A dictionary entry has the following form:
| Length | Contents |
|---|---|
| 1 cell | Link to previous entry (or 0 at the first entry) |
| 1 bit | 1 if immediate |
| 2 bits | (reserved) |
| 5 bits | name length (max. 31) |
| N bytes | name |
| K bytes | aligning (K is minimal s.t. 1+N+K is a multiple of the cell size) |
| M cells | body (addresses of other bodies) |
VM implementation notes
Characters are assumed to be 1 byte, but cell size is easily adjustable (default is 32 bits).
Needed changes: redefine cell, ucell, udcell and CELL_SIZE in vm.c,
and check the mixed-precision functions fn_mult and fn_divmod.
The system is assumed to be little-endian, and endline character is 10 (line feed).

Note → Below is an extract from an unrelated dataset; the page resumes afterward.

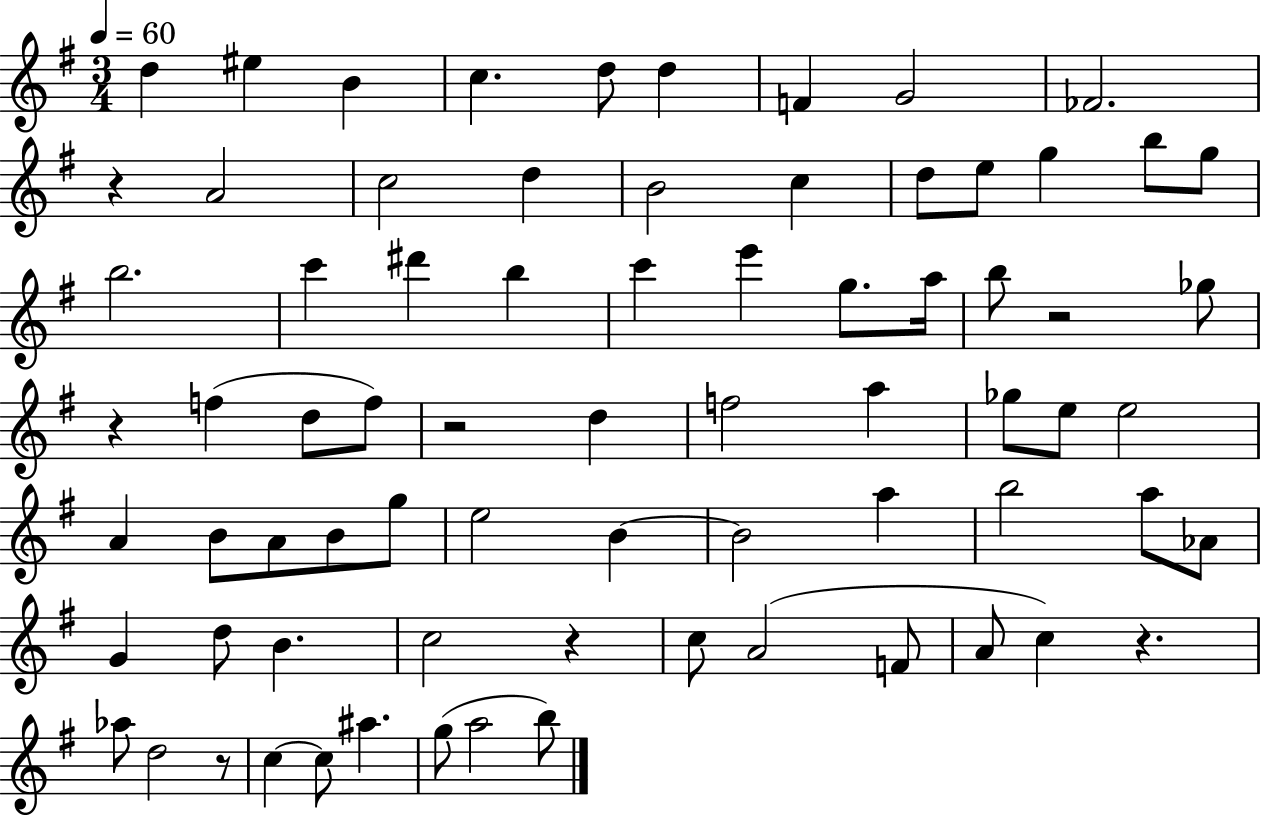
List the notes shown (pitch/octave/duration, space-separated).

D5/q EIS5/q B4/q C5/q. D5/e D5/q F4/q G4/h FES4/h. R/q A4/h C5/h D5/q B4/h C5/q D5/e E5/e G5/q B5/e G5/e B5/h. C6/q D#6/q B5/q C6/q E6/q G5/e. A5/s B5/e R/h Gb5/e R/q F5/q D5/e F5/e R/h D5/q F5/h A5/q Gb5/e E5/e E5/h A4/q B4/e A4/e B4/e G5/e E5/h B4/q B4/h A5/q B5/h A5/e Ab4/e G4/q D5/e B4/q. C5/h R/q C5/e A4/h F4/e A4/e C5/q R/q. Ab5/e D5/h R/e C5/q C5/e A#5/q. G5/e A5/h B5/e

The body of system words (i.e., one of
! + 0< : ; @ ACCEPT CELLS EMIT EXIT KEY NAND UM* UM/MOD)
is a single negative number (-1 for !, -2 for + etc. to -14 for UM/MOD).
Literals are loaded by a special code (-15), but this is reimplemented later in LIT@.

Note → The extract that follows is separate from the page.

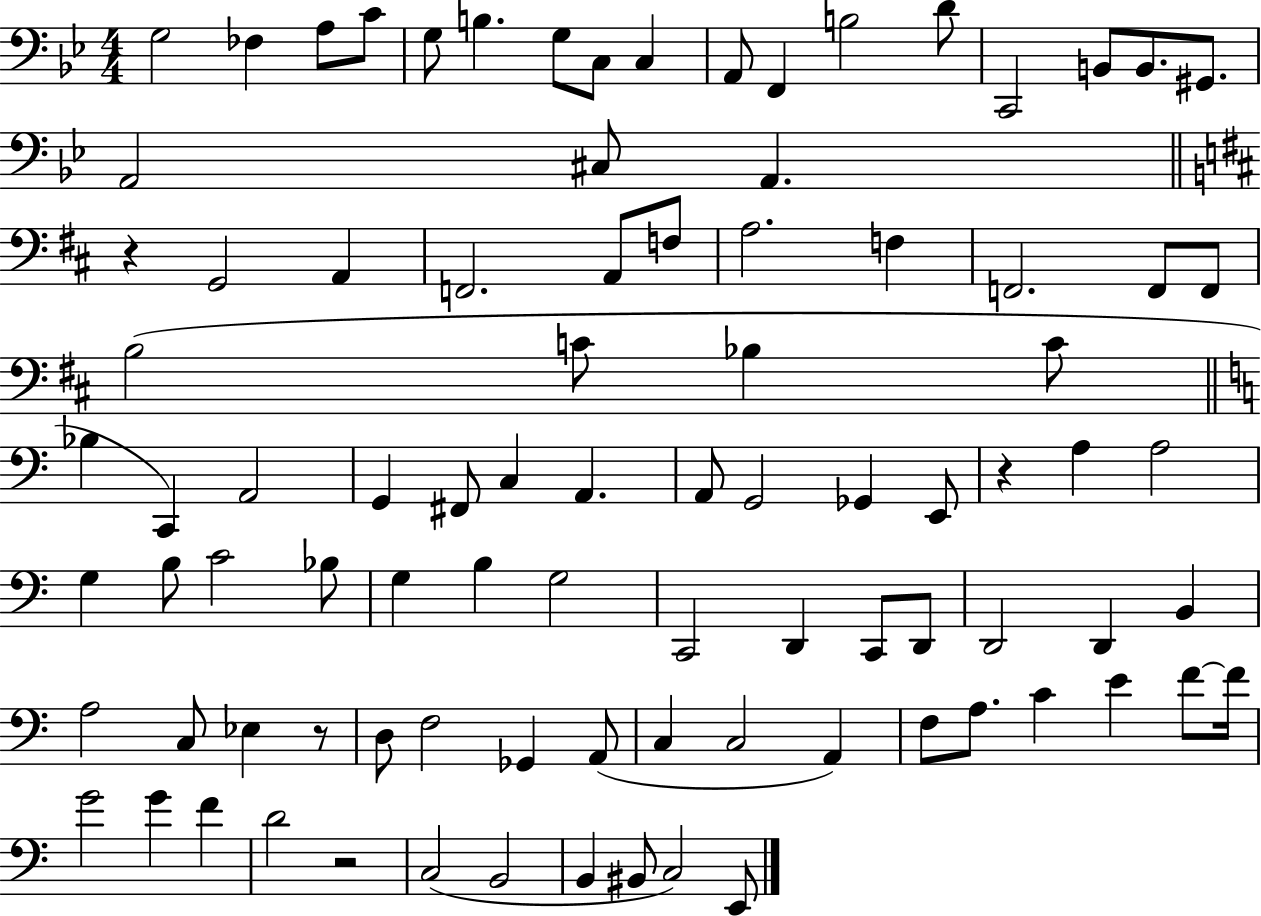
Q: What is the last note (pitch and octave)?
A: E2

Instead of using a full-fledged readline library, input-ending newlines are avoided using VT100 control sequences (so it looks better on a terminal that understands that).
Testing
The test framework and the test for the core wordset were developed by John Hayes, and those for the core extension wordset by Gerry Jackson.
Testing itself was an eye-opening experience. Who knew there could be so many bugs in my code? And there are still quite a few, I am sure, but at least now it passes...
- all tests in
test/prelimtest.fth - all tests in
test/core.fr(*) - all tests in
test/coreplustest.fth - almost all tests in
test/coreexttest.fth(**)
(*) One minor deviation is that since this implementation reads only from the standard input,
the test for ACCEPT is not very meaningful.
(**) The only failing test is the last one:
: SSQ9 S\" 11 : SSQ10 S\\\" \\x32\\x32\" EVALUATE ; SSQ10 33" EVALUATE ;This should leave 11 22 33 on the stack, but currently nested EVALUATEs are not supported.